Thorne’s verdant eyes widened, not just with fear, but with disbelief. “Ye want her,” he marveled.

“Haud yer wheesht.” Releasing him roughly enough to make his brother stumble, Liam turned to his desk, trying his best to slow the frantic hammering of his heart.

“My God, Liam. After all this time of self-imposed isolation, ye’re hard for the governess?”

“I said. Haud. Yer. Wheesht!” Unable to stand it, Liam lashed at the closest thing he could get his hands on. A sheaf of papers, their brass paperweight, and a box of writing implements flew into the bookcase behind the desk and clattered to the ground in chaotic disarray. Struggling to fill his lungs beneath the pressure tightening about his ribs like a vise, Liam stalked to the sideboard and grappled with the stopper in the decanter while looking for a glass big enough for his desperate thirst.

“Are ye starting to have a problem with the drink, brother?” Thorne asked coolly.

“My only problem is that I doona have any.”

Fuck the glass. Liam tipped his head back, taking a large gulp of the Scotch that bore his own title. He allowed the liquid fire to slide down his chest and ease the way for the subsequent inhales. At this point, his breath was likely flammable, but he didn’t care. It was drinking or fratricide, and he didn’t want Jani to have to clean blood off the study floor.

“A man like ye canna have a woman like her, Liam.” Not many people denied him and lived to tell about it. It surprised Liam his brother had the stones. “Any man can see that someone’s handled her roughly. In hands like yers, she’d be broken, just like every woman who dared love a Laird of Ravencroft.”

His brother’s words landed on his turned back like daggers. The truth shredded through his flesh, his bones, and into the heart they protected. A masterfully wielded blade, was his brother’s tongue. As it had ever been.

“Do ye not think I know that?” Liam asked darkly as he now took the time to find a whisky glass. “Do ye think she’d fare any better in yer hands? A gambler. A libertine. A fickle reprobate who collects women like trinkets. Who has no compunction about taking his own brother’s wife?”

The tightening in Thorne’s features told Liam his own blade had struck true. “Doona bring Colleen into this.” He pushed off the arm of the chair he’d been pretending to lounge against. “If ye remember, brother, ye took her from me first.”

“Ye know full well I didna ken she was yers. Father hid it from me, ye never said a thing, and that—” Liam had thought many terrible things about his late wife over the course of the years. But he never dared utter them, lest he escalate the dangerous hostility that had formed between them. Now, it would just be speaking ill of the dead. “That woman married me over ye because I was a marquess and ye merely an earl. She only wanted the brother who would inherit. How could ye still love her after that?”

Gavin looked away, a soul-deep pain cutting through his permanently sardonic expression. “There is no stopping yer soul once it finds its mate. We both know she wasna right. That she wasna … well. But there were days she was lucid. When she was … luminous.” Thorne’s eyes softened as they gazed into the past. “Those days were worth the pain I bore on her behalf.” He looked up at Liam.
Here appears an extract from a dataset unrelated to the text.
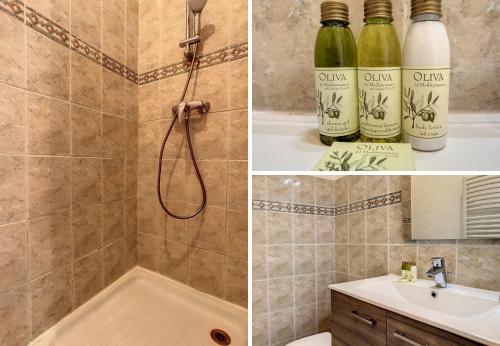 La salle de bains est pourvue d'une douche et d'une bouteille de vin. dans l'établissement Nestor&Jeeves - CITRONNIER AZUR - Central - Close sea - Balcony, à Nice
His hair gleaming the color of the malted barley they shoveled from the kilns, his eyes darkened with rare sobriety. “I like to think that if she’d been.… of sound mind, she’d have married me.”

“Think what ye want.” Liam turned and regarded his brother over another numbing sip. They’d already had this out a decade ago. Colleen had been mad, and that madness had turned her into something hateful. Spiteful. Someone … not altogether human. Or perhaps the constant duality of humanity had been too much for her. Maybe she’d just not learned to lock away the wretchedness of it like most tend to do. “Ye’d have been welcome to her,” he snarled. “Hell, ye helped yerself to her anyway.”